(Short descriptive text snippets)
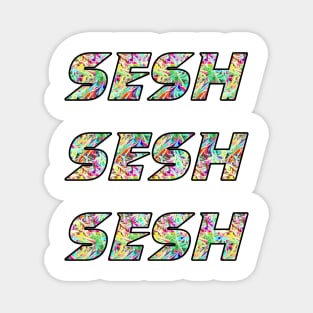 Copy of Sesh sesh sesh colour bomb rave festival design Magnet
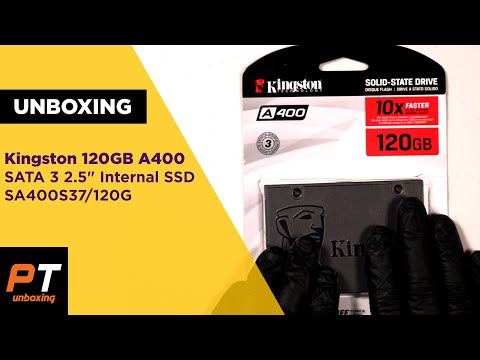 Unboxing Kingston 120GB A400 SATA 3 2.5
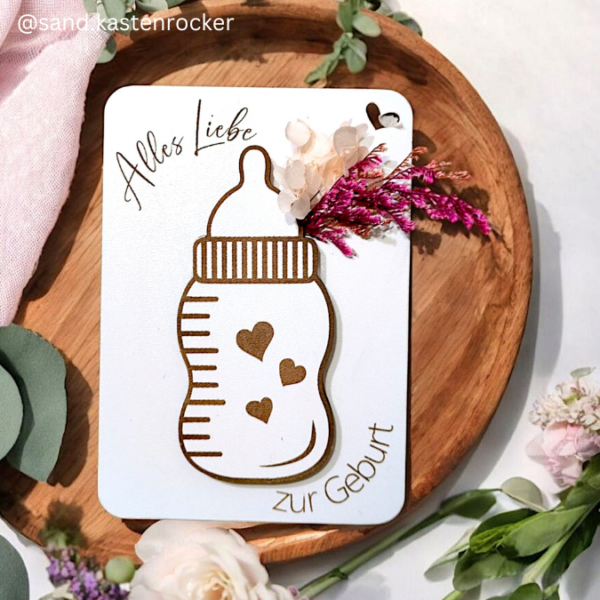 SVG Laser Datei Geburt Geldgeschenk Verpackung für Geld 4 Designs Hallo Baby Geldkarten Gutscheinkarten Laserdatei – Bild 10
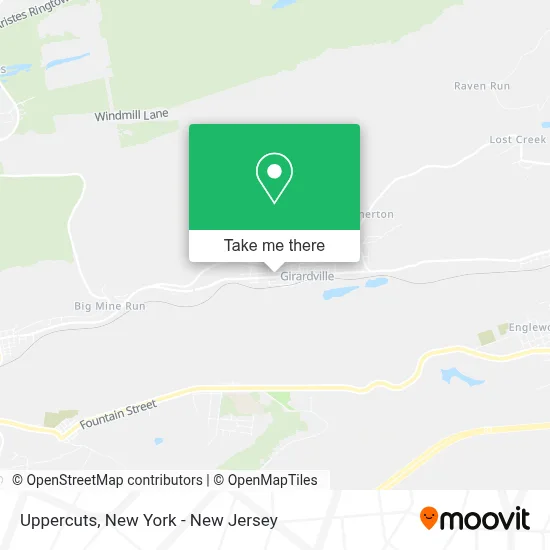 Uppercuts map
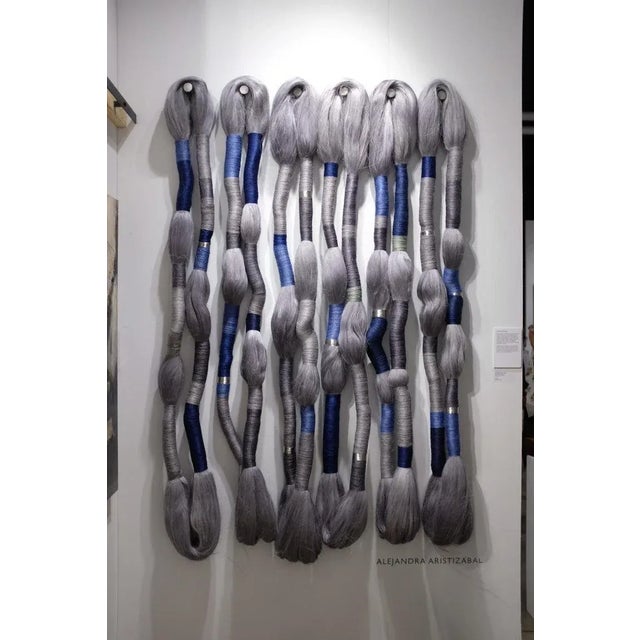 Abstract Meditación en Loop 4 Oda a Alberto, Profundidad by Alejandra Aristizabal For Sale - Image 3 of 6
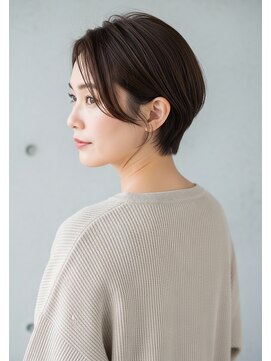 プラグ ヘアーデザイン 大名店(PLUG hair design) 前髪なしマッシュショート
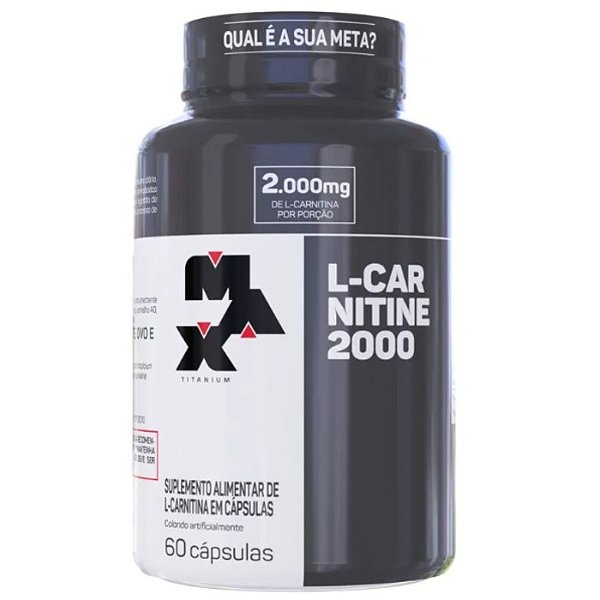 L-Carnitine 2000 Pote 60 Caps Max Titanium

=== Aim of the task ===
The lines to copy run from the line containing "Uppercuts map" through the end of the data above; copy exactly those, minus the pictures.

=== Expected answer ===
 Uppercuts map
 Abstract Meditación en Loop 4 Oda a Alberto, Profundidad by Alejandra Aristizabal For Sale - Image 3 of 6
 プラグ ヘアーデザイン 大名店(PLUG hair design) 前髪なしマッシュショート
 L-Carnitine 2000 Pote 60 Caps Max Titanium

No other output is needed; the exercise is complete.